International Identifier for serials
and other continuing resources, in the electronic and print world

Promoting Open Science and Open Knowledge: Current State of Repositories

This briefing paper, “Promoting Open Knowledge and Open Science – Report on the current state of Repositories”, presents an overview of the international repository landscape as of May 2015. The paper was produced by COAR on behalf of the Aligning Repository Networks Committee, a group of senior representatives from repository networks around the world.

Scientist registry unveils plan to recognize efforts of peer-reviewers

More than 1.2 million people have signed up to use ORCID (Open Researcher and Contributor ID), a registry or ‘science passport’ that allocates users a unique 16-digit identifier and webpage that they can use to record their publications and grants. ORCID announced that users would soon be able to record on their profile the many different types of peer review they do.

Open Access books slowly on the rise

Publishers and libraries are increasingly experimenting with Open Access (OA) books, according to a new survey by industry advisors, Publishers Communication Group (PCG). Books published under the so-called “author-pays,” Gold Open Access model with no paywall for readers are expected to slowly grow in importance, with funding derived from a variety of sources including library budgets, the study reported.

DOAJ, Impact Factor and APCs

Results from a pilot study correlating Open access article processing charges (APCs) and the journal impact factor. According to this study, some open access journals using the APC business model may be exploiting impact factor status as a means to raise prices.

New Science Europe Principles on Open Access Publisher Services

At its General Assembly meeting in Vienna on 15 April, Science Europe’s members – comprising 50 major public research organisations in Europe – adopted four new common principles on Open Access Publisher Services. The topics concerned were: indexing, copyright and re-use, sustainable archiving, and machine readability.

The trouble with reference rot

Computer scientists are trying to shore up broken links in the scholarly literature. Nature presents a brief summary on the achievements and the ambitions of the “Hiberlink project”, a study which investigates how web links in online scientific and other academic articles fail to lead to the resources that were originally referenced.

Why are Authors Citing Older Papers?

Scholars are citing an increasingly aging collection of scholarship. Does this reflect the growing ease with accessing the literature, or a structural shift in the way science is funded–and the way scientists are rewarded?
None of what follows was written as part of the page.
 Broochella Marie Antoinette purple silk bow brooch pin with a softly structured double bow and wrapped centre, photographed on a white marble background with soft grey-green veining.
Springer and Altmetric to launch new platform for book impact at the London Book Fair: Bookmetrix

Springer announced that it is becoming the first publisher to offer title and chapter level metrics across all of their books via a new platform, Bookmetrix. Developed in partnership with metrics provider Altmetric, the data captured via Bookmetrix is displayed on the book pages on Springer’s content platform SpringerLink and reports how often an individual book or chapter is mentioned, shared, reviewed or read online.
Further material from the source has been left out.